É amargo o coração do poema.

A mão esquerda em cima desencadeia uma estrela,

em baixo a outra mão

mexe num charco branco. Feridas que abrem,

reabrem, cose-as a noite, recose-as

com linha incandescente. Amargo. O sangue nunca pára

de mão a mão salgada, entre os olhos,

nos alvéolos da boca.

O sangue que se move nas vozes magnificando

o escuro atrás das coisas,

os halos nas imagens de limalha, os espaços ásperos

que escreves

entre os meteoros. Cose-te: brilhas

nas cicatrizes. Só essa mão que mexes

ao alto e a outra mão que brancamente

trabalha

nas superfícies centrífugas. Amargo, amargo. Em sangue e exercício

de elegância bárbara. Até que sentado ao meio

negro da obra morras

de luz compacta.

Numa radiação de hélio rebentes pela sombria

violência

dos núcleos loucos da alma.   


Herberto Helder |Última Ciência, 1988 | Poesia Toda, Lisboa, Assírio & Alvim, 1990.  

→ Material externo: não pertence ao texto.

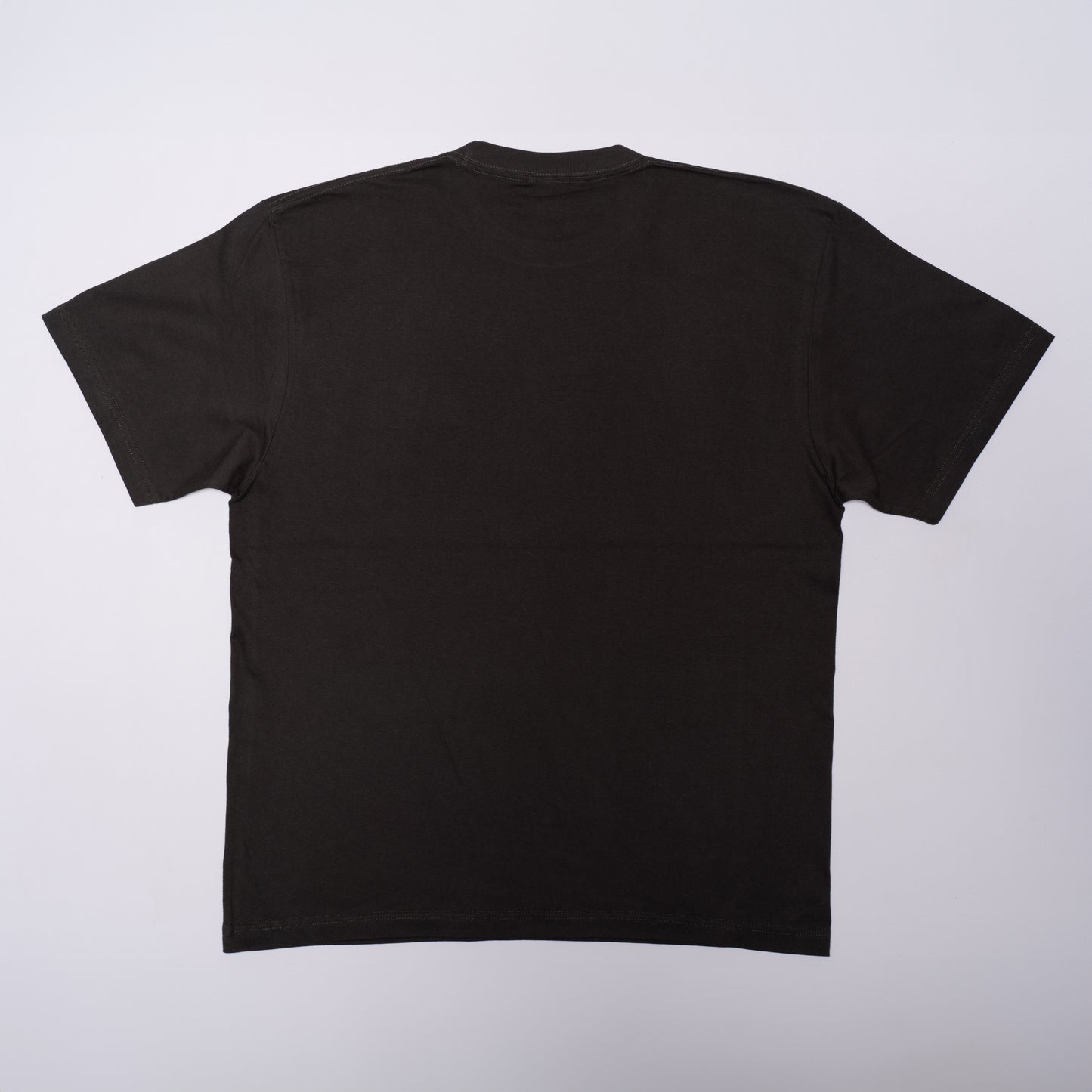 _MOOD EMBROIDERY BIG T-SHIRT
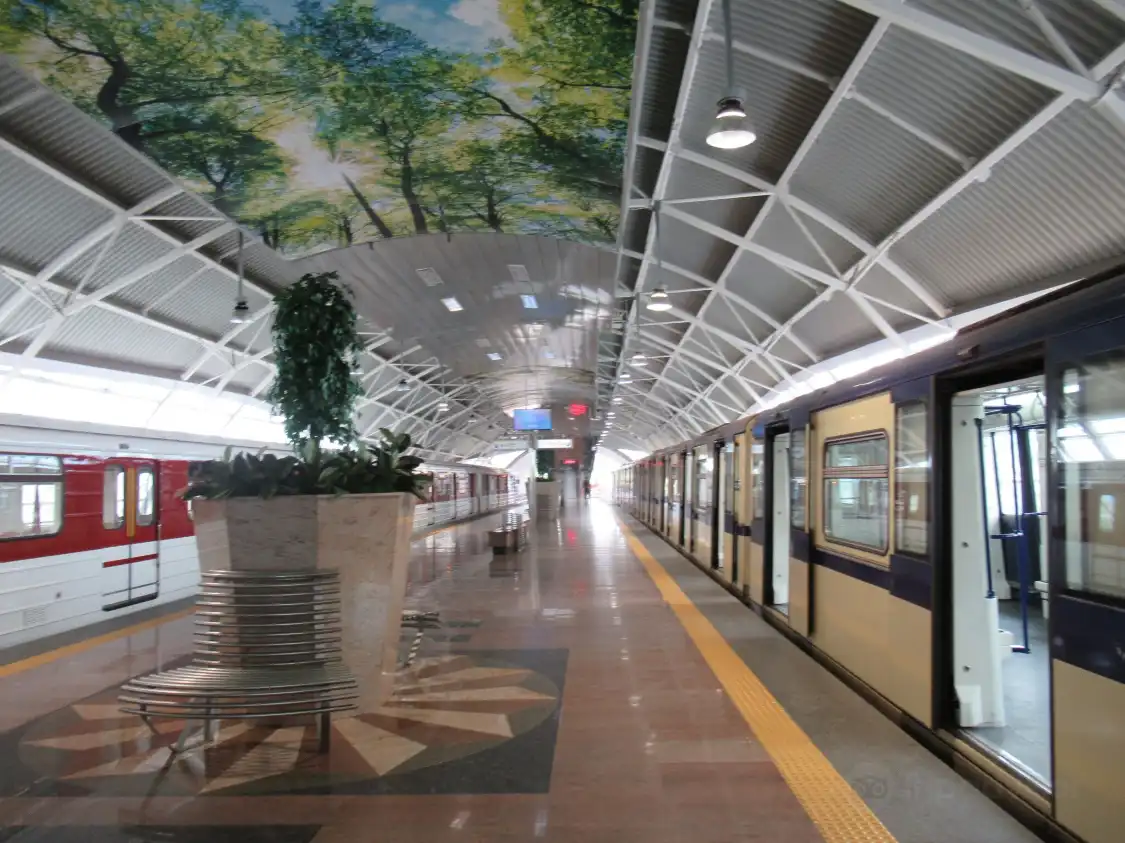 Hotels near Sofia Metro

Não há um mapa para a viagem da poesia de Herberto Helder. Supor que tal mapa existe é perdermo-nos como viajantes nela. É um poeta de acesso difícil, e não apenas por escrever poesia que exige muito da sua leitura, mas porque ele próprio cobriu e preservou intransigentemente a sua poesia pela força do silêncio. Por isso, desde logo, qualquer interpretação de um poema está sujeita ao fracasso.

A sua galáxia de metáforas musicalmente fosforescentes e opacas, articuladas pelas suas pulsões de vida e de morte bifurcam o significado de qualquer símbolo que possamos encontrar. Mesmo as correspondências óbvias ou misteriosas que a alegoria e o símbolo suscitam estão-nos vedadas, tornando impossível a sua “leitura plana”, encerrando o poema dentro de si mesmo, obscuro, inalcançável. O seu mundo é absoluta e provocantemente poético, coberto por um rosto de palavras capaz de silenciar a palavra criminosa da tagarelice.

Deste poema, podemos dizer que encontramos no reflexo de um espelho a “Última Ciência” de existir e que a vida se contempla nos seus extremos:
A mão esquerda em cima desencadeia uma estrela/ em baixo a outra mão/ mexe num charco branco.”